İmge Sınıflandırması için Yeni Öznitelik Çıkarım Yöntemi: Add-Tda Algısal Özet Fonksiyonu Tabanlı Evrişimsel Sinir Ağ (Add-Tda-Esa)
Year 2019,
Volume: 12 Issue: 1, 30 - 38, 01.06.2019
Fatih Özyurt
,
Engin Avcı
Abstract
Bu çalışma, Evrişimsel Sinir Ağı (ESA)
kullanarak, imge sınıflandırma süresini azaltan, sınıflandırma performansını
kabul edilebilir değerde tutabilen bir metodu önermektedir. Ayrık Dalgacık
Dönüşümü - Tekil Değer Ayrıştırmaya dayalı algısal özet fonksiyonu kullanarak
Evrişimsel Sinir Ağı (ADD-TDA-ESA) adlı hibrit modelde, sınıflandırma süresini
azaltmak için ESA ile birlikte ADD-TDA tabanlı algısal özet
fonksiyonu kullanılmıştır. Algısal özet fonksiyonlarının en önemli
özelliği imgelerin belirgin özelliklerini elde etmektir. Bu yöntemde, ilk
olarak imgelerin belirgin özelliklerini elde etmek için ADD-TDA algısal özet
fonksiyonu uygulanmıştır.
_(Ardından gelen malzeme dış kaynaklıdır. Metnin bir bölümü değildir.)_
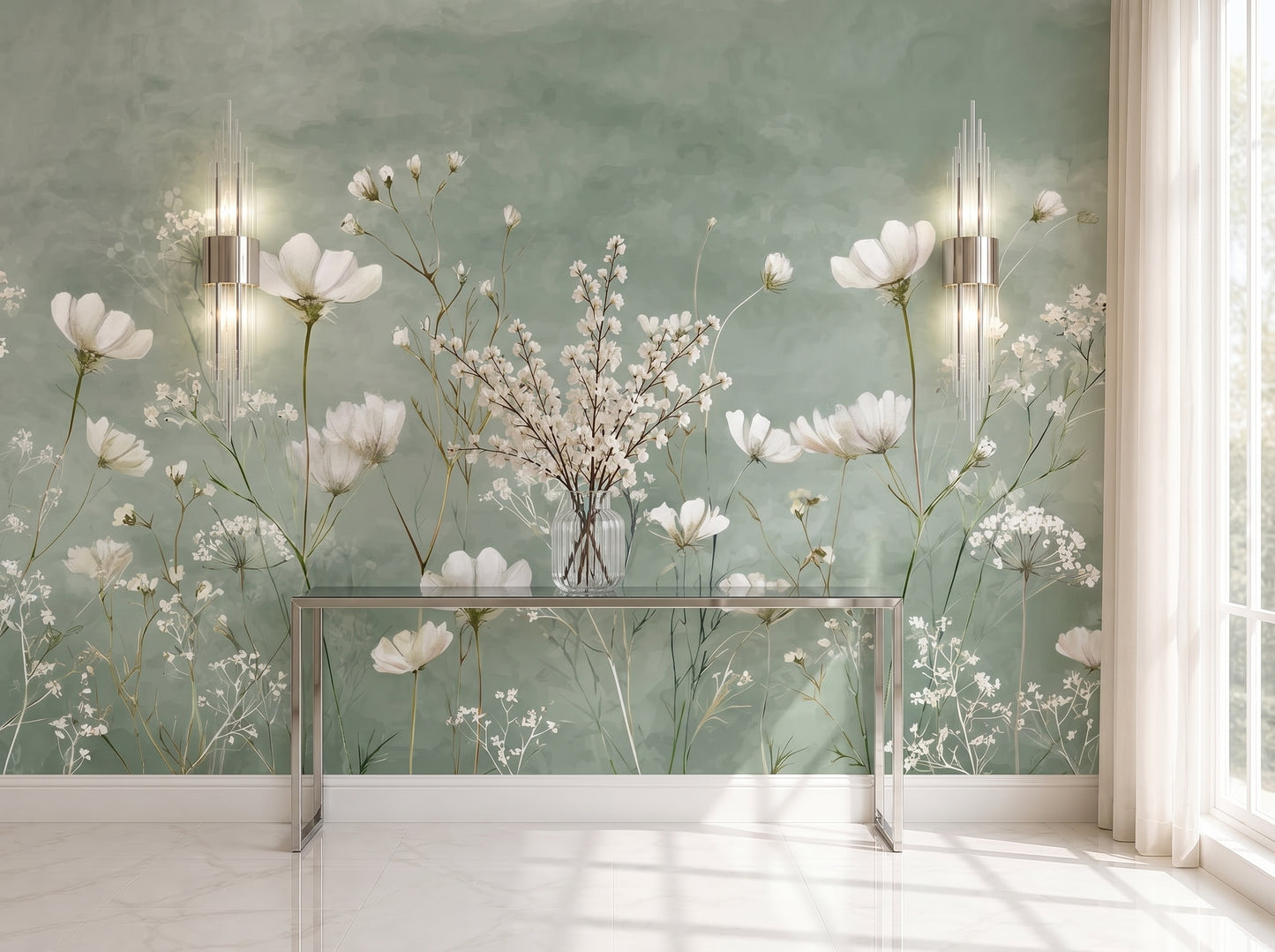Sage green wildflower botanical mural wallpaper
Daha sonra belirgin özelliklerden oluşan 32x32
boyutundaki imgeler ESA’ya girdi olarak verilerek öznitelikler çıkartılıp
Destek Vektör Makinesine sınıflandırma için verilmiştir. ADD-TDA-ESA yöntemi,
Caltech-101 veri tabanında bulunan imgeler için uygulanmıştır. Deneysel
sonuçlar önerilen ADD-TDA-ESA yönteminin %95.8 doğruluk oranına sahip olduğunu
göstermiştir. Ayrıca kullanılan bu yöntem ile klasik yöntemde 241.21 saniye
olan çalışma süresi 83.08 saniyeye düşmüştür. Deney sonuçları ADD-TDA-ESA
yönteminin, imge sınıflandırma doğruluğunu yüksek tutarak klasik ESA’ya
göre çok daha hızlı performans sergilediğini göstermektedir.
References
- [1]. Lowe, D. G. (2004). Distinctive image features from scale-invariant key points. International journal of computer vision, 60(2), 91-110.
- [2]. Jain, A. K., Ratha, N. K., & Lakshmanan, S. (1997). Object detection using Gabor filters. Pattern recognition, 30(2), 295-309.
- [3]. Ojala, T., Pietikainen, M., & Maenpaa, T. (2002). Multiresolution gray-scale and rotation invariant texture classification with local binary patterns. IEEE Transactions on pattern analysis and machine intelligence, 24(7), 971-987.
- [4]. J. Virmani, V. Kumar, N. Kalra, N. Khandelwal, SVM-based characterization of liver ultrasound images using wavelet packet texture descriptors, J. Digit. Imaging 26 (3) (2012) 530–543.
- [5]. N.K. Jitendra Virmani, Vinod Kumar Naveen Kalra, Prediction of liver cirrhosis based on multiresolution texture descriptors from B-mode ultrasound,Int. J. Converg. Comput. 1 (2013) 1–19.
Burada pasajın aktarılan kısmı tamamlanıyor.